Work of 12 of 13 (Low score is dropped.)

The algorithms for single, complete, and average linkage are identical except for one computation. Describe the general hierarchical clustering algorithm and discuss how it is modified to accommodate single, complete, and average linkage.

Euclidean distances between the observed (D) and fitted (D^) distances can be used to assess the fit of hierarchical clustering algorithms. Explain two ways this is done and explain why average linkage will have a smaller overall distance than either single or complete linkage.

Explain how the k-means clustering algorithms works. Include a discussion of how the initial seed points are found.

What conditions must a correlation matrix satisfy? Explain.

Distinguish between using a=0 and a=1 in constructing the principal components biplot. Which is preferred?
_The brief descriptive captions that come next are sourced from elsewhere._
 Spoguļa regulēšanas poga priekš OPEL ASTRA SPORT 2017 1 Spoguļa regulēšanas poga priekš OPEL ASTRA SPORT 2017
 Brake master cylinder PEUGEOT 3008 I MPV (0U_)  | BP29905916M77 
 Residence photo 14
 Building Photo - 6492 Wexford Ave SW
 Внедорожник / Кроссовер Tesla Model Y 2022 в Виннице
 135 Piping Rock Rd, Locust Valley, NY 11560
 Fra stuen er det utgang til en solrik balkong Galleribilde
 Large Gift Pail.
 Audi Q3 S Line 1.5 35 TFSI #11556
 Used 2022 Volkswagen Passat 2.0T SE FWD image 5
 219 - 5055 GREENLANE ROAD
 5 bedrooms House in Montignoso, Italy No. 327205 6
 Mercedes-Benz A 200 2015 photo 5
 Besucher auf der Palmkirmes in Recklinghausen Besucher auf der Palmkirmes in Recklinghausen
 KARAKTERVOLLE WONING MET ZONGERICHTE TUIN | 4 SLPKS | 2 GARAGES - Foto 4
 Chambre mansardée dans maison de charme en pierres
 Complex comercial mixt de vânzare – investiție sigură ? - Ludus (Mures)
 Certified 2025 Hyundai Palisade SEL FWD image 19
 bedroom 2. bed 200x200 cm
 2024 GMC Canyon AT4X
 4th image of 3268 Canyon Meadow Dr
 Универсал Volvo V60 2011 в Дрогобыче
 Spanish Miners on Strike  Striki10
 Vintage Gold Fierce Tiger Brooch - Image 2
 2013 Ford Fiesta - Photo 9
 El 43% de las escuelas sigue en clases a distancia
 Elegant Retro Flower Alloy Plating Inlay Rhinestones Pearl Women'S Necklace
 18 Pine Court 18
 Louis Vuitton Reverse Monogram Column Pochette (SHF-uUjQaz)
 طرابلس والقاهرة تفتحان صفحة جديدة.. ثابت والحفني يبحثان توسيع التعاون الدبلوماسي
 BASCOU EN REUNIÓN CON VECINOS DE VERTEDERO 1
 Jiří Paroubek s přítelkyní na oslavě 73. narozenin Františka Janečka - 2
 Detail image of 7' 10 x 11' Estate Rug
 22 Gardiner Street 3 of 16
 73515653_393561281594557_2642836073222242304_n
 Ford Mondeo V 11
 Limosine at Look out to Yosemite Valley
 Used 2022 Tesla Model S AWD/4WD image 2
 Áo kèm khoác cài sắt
Why?

This questions concerns principal component analysis on the crime data.

Y <- crime[, 5:11]
crime.pca <- pca(Y)

Is the PCA above done on the correlation or covariance matrix? Explain.

Put R code here.

How many components would you keep? Are there any near singularities? Justify.

Put R code here.

How are the first two components interpreted?

Put R code here.

The Chi-square test of independence in a two-way contingency table is a function of the count residuals. Explain how these residuals are defined and how they are used in correspondence analysis. How does the biplot explain the relationships between the two factors which define the contingency table?

This question concerns discriminant analysis among normal, overt, chemical, and overt diabetics (CClass):

X <- diabetes[, c(1, 2, 4, 5, 6)]
y <- diabetes[, 8]
diabetes.disc <- disc(X, y)

Explain what diabetes.disc$A represents and why it is not adequate for interpreting discriminant variables?


##                   Disc1         Disc2

RelWeight -9.998330e-01  0.9999663983

GluFast    1.546412e-02 -0.0078063413

GluDiff   -9.229275e-03  0.0018740781

InsTest    7.501817e-05  0.0016313383

SSPG      -3.113892e-03 -0.0002996801

How does the following output assist in interpreting the discriminant variables?


##                Disc1      Disc2

RelWeight -0.1930123  0.5365964

GluFast   -0.8457606 -0.4396387

GluDiff   -0.9646649 -0.2247237

InsTest    0.1929697  0.8047175

SSPG      -0.8592626  0.1028040

What are the assumptions of the g-group discriminant problem? Explain how you would assess these assumptions using R.

Explain how testing is done to determine the number of significant discriminant dimensions.

The (p-t) independent collinearities among a group of p variables is invariant with respect to scale changes of these variables. Explain and justify.

Both classical multidimensional scaling and principal component analysis attempt to represent the n observations in a low-dimensional space. Explain how these representations differ. Be sure to include a discussion of what is optimized in each case.

Explain the algorithm for mapping n points into a low-dimensional space using non-metric MDS. Be sure to include a discussion on what is being optimized and how monotonicity is improved (ideally) at each step. Can you guarantee you have found the global minimum? Why or why not?